If you don't write it in curried form Scala complains about an illegal dependent method type. I'm not sure why. I tested this using the 2.7.4 compiler.

> def test(s1 : Skier)(s2 : s1.SuitableRoommate) = s1 share s2
>
> If you don't write it in curried form Scala complains
> about an illegal dependent method type. I'm not sure why.
> I tested this using the 2.7.4 compiler.

thanks james. yes, i got the illegal dependent type error also when I used the non-curried form also. In fact, I didn't know that it was possible to use a curried form ;-)

Andrew

Hi Andrew,

> > I claim that Scala has solved Eiffel's covariance
> > problems by the introduction of abstract type members.
>
> yes, i can see it is very powerful and resolves the type
> errors that I used to get in languages like Beta.
>
> One question however: is it possible given Bill's Girl/Boy
> classes to write a function which takes 2 Skiers and makes
> them share a room, such that it works for 2 Boys or 2
> Girls?
>
> i.e. my first attempt doesn't compile:
>
> def test[T <: Skier](s1: T, s2: T) { s1.share(s2) }
>
Well one trouble with this attempt is that it isn't defined in Skier that the type of SuitableRoommate will always be the outer type. This is possible for example:

class Cat extends Skier {
  type SuitableRoommate = Dog
  override def share(other: Dog) {}
}

class Dog extends Skier {
  type SuitableRoommate = Cat
  override def share(other: Cat) {}
}

More generally, the compiler has to check the path dependent types at compile time, so it must base them on the type of the variable. What that means you can't do with Scala's abstract type approach that you can do (without safety) with Eiffel's covariant method parameters is pass either a Boy to a Skier that will happen to be a Boy at runtime. For example:

scala> val s: Skier = new Boy                                               
s: Skier = Boy@995b29

scala> val g = new Girl
g: Girl = Girl@7aaee9

scala> val b = new Boy
b: Boy = Boy@43c919

scala> s.share(b)
<console>:9: error: type mismatch;
 found   : Boy
 required: s.SuitableRoommate
       s.share(b)
               ^

scala> s.share(g)
<console>:10: error: type mismatch;
 found   : Girl
 required: s.SuitableRoommate
       s.share(g)
               ^

scala> b.share(b)

scala> b.share(g)
<console>:10: error: type mismatch;
 found   : Girl
 required: b.SuitableRoommate
       b.share(g)
               ^

scala> g.share(g)

scala> g.share(b)
<console>:10: error: type mismatch;
 found   : Boy
 required: g.SuitableRoommate
       g.share(b)
               ^

So a Girl can share a room with a Girl, and a Boy with a Boy, and a Girl can't share a room with a Boy, nor can a Boy share a room with a Girl, but a Boy held from a Skier reference can also not share a room with a Boy. I think that may be what you'll run up against if you try to make a method like you're talking about. However I'm not convinced there isn't a way to do it until I try. I don't have time to try it now but later I'll see if I can come up with a solution.

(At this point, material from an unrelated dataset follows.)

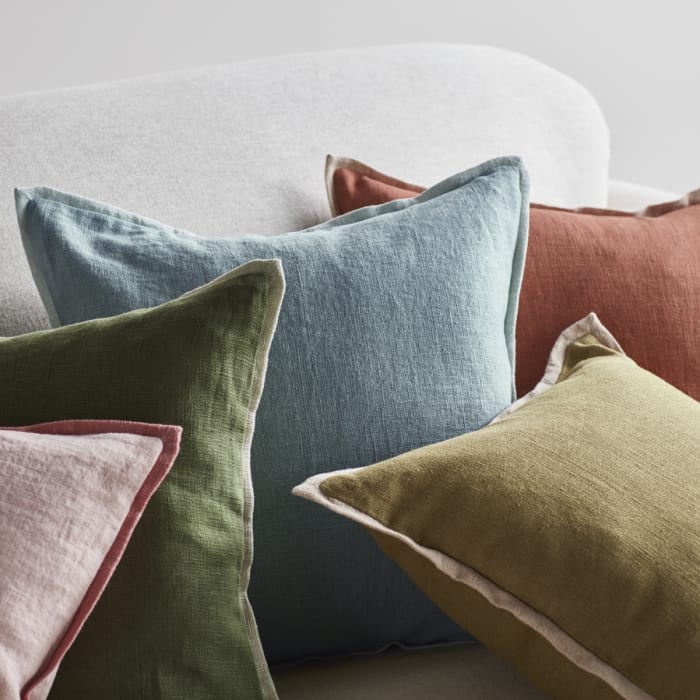 Bordy Edge Linen Cushion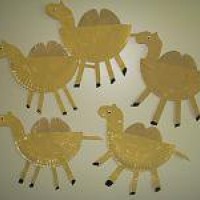 okul öncesınde kağit işler, duvar süsü ,davetiye kartları ,suluboya  çalişması (5372)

> What that means you can't do with Scala's abstract type approach that you can do
> (without safety) with Eiffel's covariant method parameters
> is pass either a Boy to a Skier that will happen to be a
> Boy at runtime.

i'm sure there has to be a way. otherwise, it would restrict the type of framework-like code you could write in scala where abstract types were used? or perhaps there's another way using generic type parameters?

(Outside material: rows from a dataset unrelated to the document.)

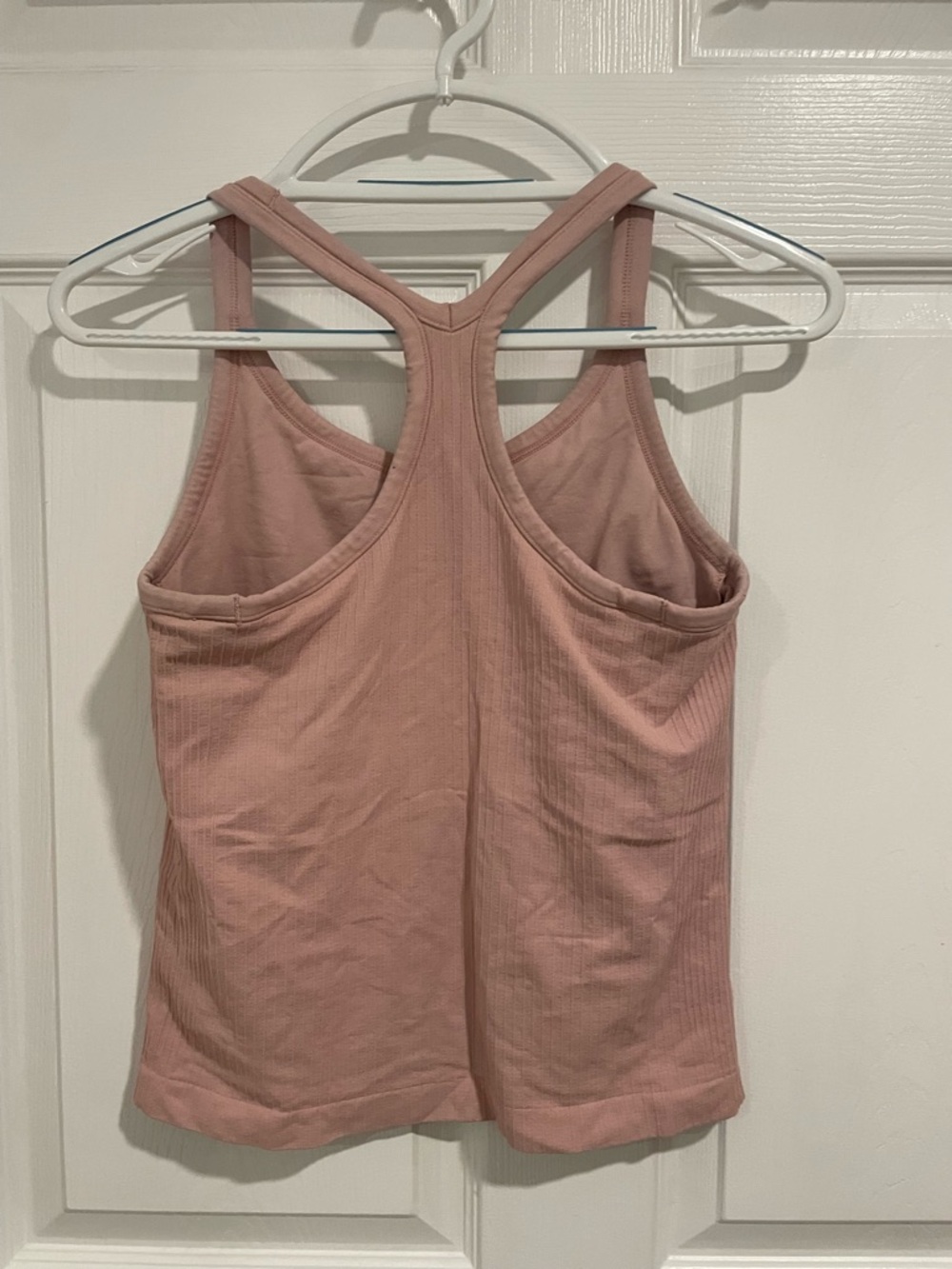 Lot of 6 racerback built in bra tops size L - Picture 12 of 13
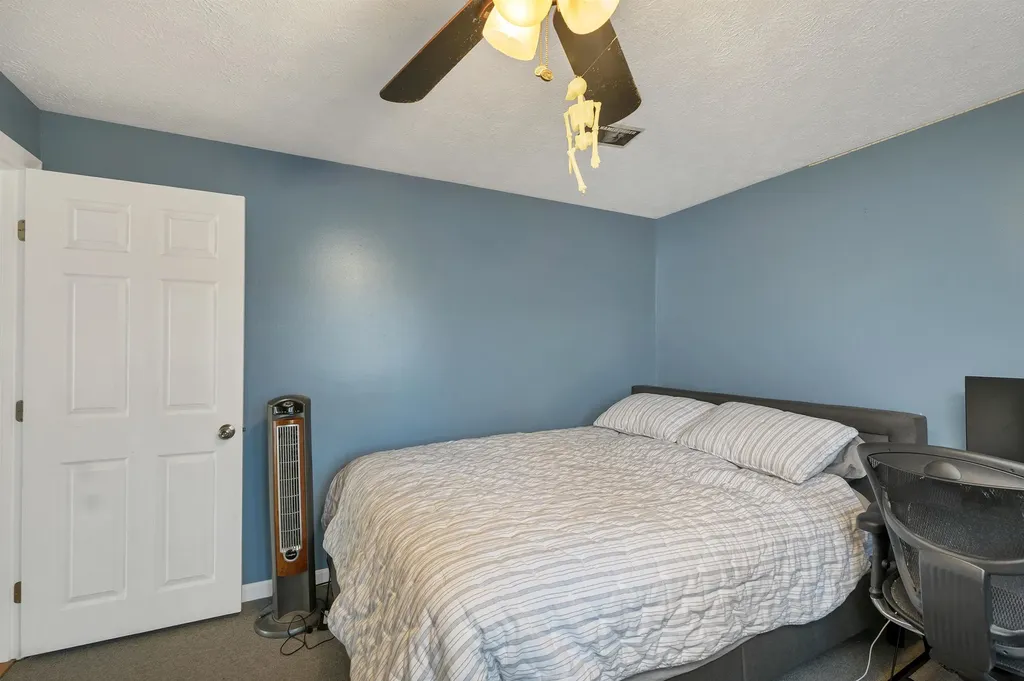 3 Dennison Avenue Salem NH 03079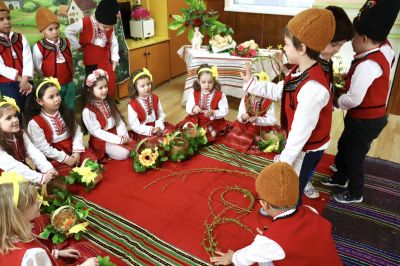 Лазаровден в трета група "Мики Маус" - ДГ Слънце - Ботевград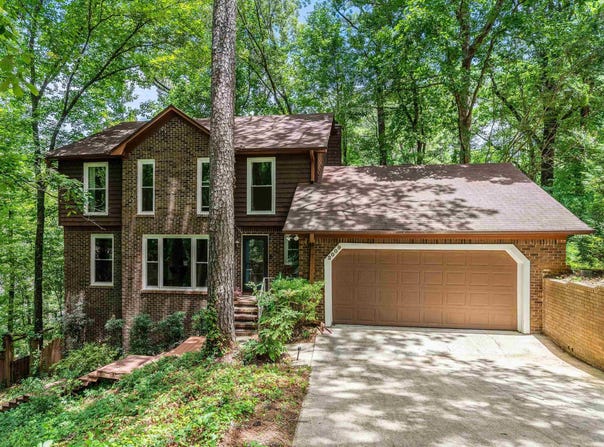 2009 CROSSVINE ROAD, HOOVER, AL 35244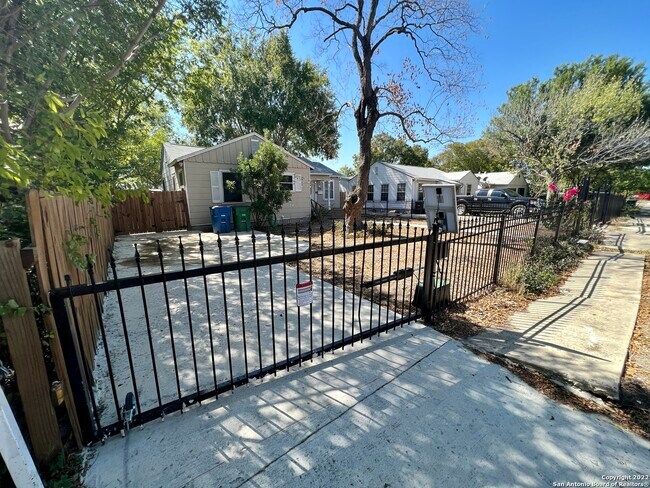 Photo - 414 Elmwood Dr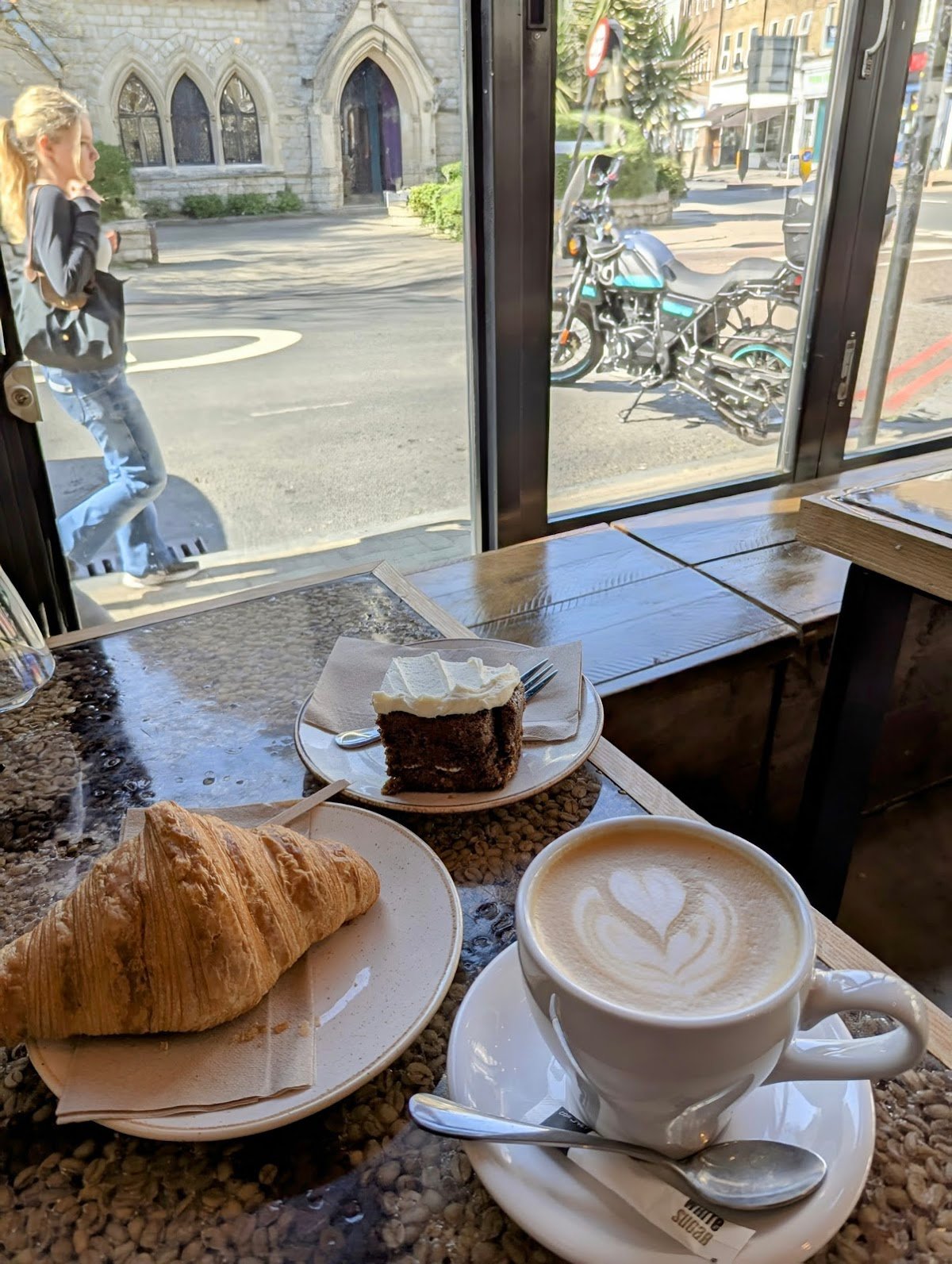 Artisan Coffee specialty coffee shop in London - photo 7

for example, how would you create a single method that took a list of either boys or girls and arranged it so that everyone in the list was sharing a room, without duplicating the code for boys and girls separately?

Has anybody noticed that all Artima discussions degenerate into debates over Java generics? :-)

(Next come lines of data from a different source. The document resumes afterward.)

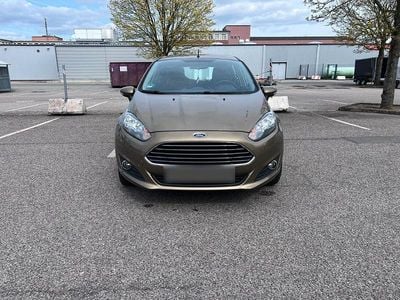 Gebraucht Ford Fiesta 75 PS (55 kW) 2015 Braun Kleinwagen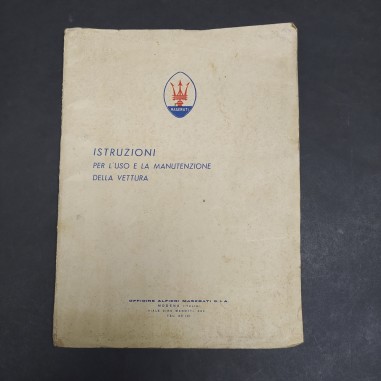 Libretto uso e manutenzione auto Maserati due posti. Macchie e spellatura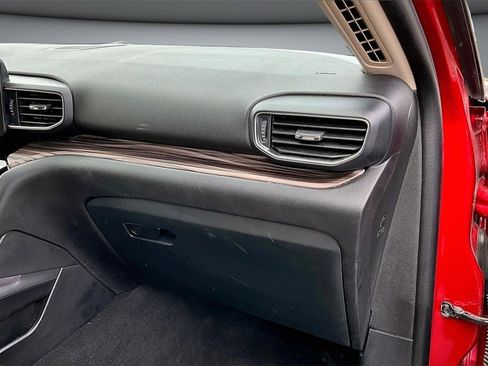 Used 2023 Ford Explorer Limited image 26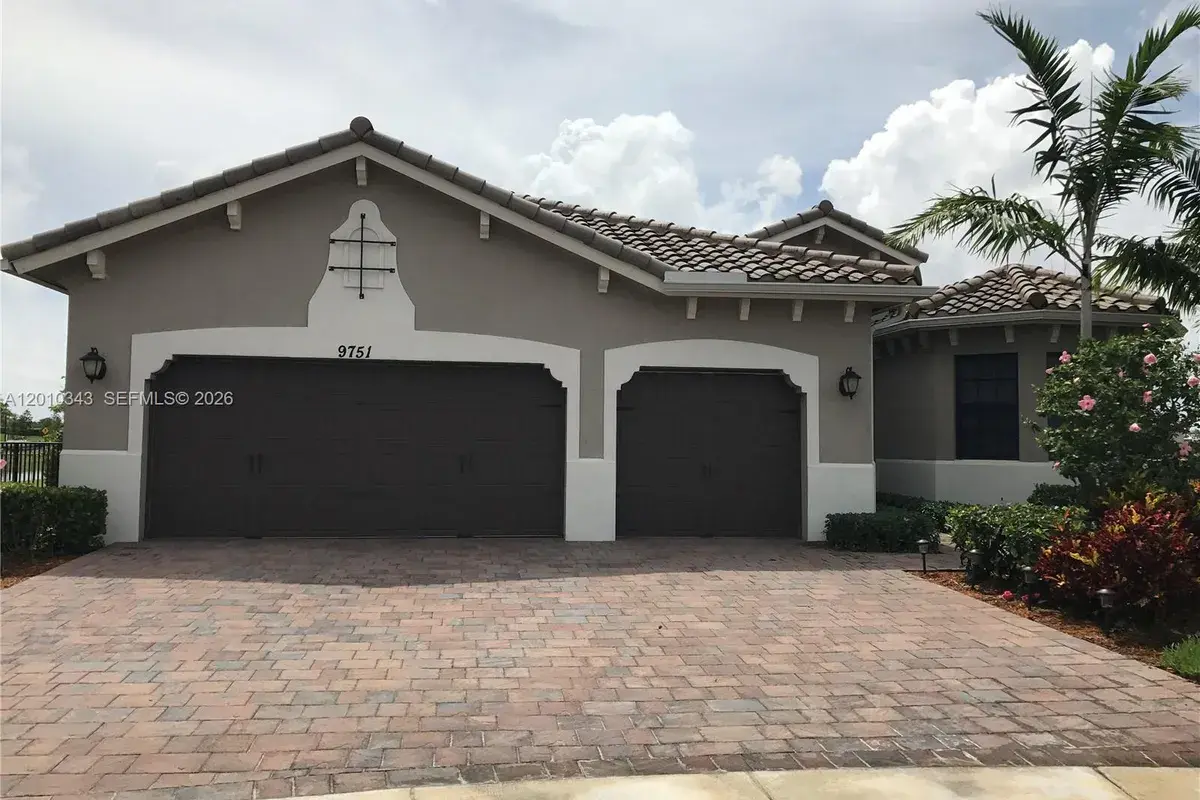 9751 Lakeview Ln, Parkland FL 33076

For the record, I think Meyer's example is, ultimately, poor. There are lots of reasons for Skiers not to room together other than sex. Does he propose to add AntiSmokingZealotGirl and LazySlobSmokingBoy subclasses? No, all skiers (or a superclass, Person) should have something like a canRoomWith(Skier other) method.

Use the classes to prevent Skiers from rooming with Skis and Avalanches.